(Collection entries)

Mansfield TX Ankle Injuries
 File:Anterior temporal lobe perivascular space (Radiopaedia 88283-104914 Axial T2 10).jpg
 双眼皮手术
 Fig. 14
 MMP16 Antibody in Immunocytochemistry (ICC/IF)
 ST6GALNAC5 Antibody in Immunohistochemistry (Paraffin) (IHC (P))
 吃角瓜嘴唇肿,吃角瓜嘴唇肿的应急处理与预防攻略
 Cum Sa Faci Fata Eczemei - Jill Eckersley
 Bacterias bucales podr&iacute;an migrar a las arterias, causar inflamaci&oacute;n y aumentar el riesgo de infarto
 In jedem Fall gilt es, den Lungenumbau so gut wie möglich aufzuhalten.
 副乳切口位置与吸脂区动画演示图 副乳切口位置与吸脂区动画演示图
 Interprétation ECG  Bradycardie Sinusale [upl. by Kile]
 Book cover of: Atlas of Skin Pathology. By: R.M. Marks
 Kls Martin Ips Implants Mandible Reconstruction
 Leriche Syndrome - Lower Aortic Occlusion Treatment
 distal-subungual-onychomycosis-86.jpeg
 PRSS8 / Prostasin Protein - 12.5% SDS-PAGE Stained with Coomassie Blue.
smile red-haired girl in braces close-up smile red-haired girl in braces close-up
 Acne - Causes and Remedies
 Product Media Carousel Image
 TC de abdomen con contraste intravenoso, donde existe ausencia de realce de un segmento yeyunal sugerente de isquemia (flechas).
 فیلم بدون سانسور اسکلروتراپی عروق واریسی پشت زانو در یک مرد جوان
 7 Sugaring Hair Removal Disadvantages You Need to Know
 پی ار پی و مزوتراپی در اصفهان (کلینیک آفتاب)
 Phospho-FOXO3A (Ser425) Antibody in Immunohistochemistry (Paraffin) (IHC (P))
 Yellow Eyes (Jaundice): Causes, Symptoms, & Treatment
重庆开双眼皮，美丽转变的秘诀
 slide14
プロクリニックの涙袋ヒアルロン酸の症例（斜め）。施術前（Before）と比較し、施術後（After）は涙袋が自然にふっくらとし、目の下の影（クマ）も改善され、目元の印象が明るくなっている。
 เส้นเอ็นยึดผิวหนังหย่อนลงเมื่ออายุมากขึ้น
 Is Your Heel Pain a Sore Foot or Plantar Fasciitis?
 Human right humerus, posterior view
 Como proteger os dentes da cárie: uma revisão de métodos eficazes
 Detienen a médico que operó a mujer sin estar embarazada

- Prompt -
Output must be limited to the lines beginning with the one that contains "پی ار پی و مزوتراپی در اصفهان (کلینیک آفتاب)" and ending with the last line of the entries, reproduced exactly.

- Task response -
 پی ار پی و مزوتراپی در اصفهان (کلینیک آفتاب)
 Phospho-FOXO3A (Ser425) Antibody in Immunohistochemistry (Paraffin) (IHC (P))
 Yellow Eyes (Jaundice): Causes, Symptoms, & Treatment
重庆开双眼皮，美丽转变的秘诀
 slide14
プロクリニックの涙袋ヒアルロン酸の症例（斜め）。施術前（Before）と比較し、施術後（After）は涙袋が自然にふっくらとし、目の下の影（クマ）も改善され、目元の印象が明るくなっている。
 เส้นเอ็นยึดผิวหนังหย่อนลงเมื่ออายุมากขึ้น
 Is Your Heel Pain a Sore Foot or Plantar Fasciitis?
 Human right humerus, posterior view
 Como proteger os dentes da cárie: uma revisão de métodos eficazes
 Detienen a médico que operó a mujer sin estar embarazada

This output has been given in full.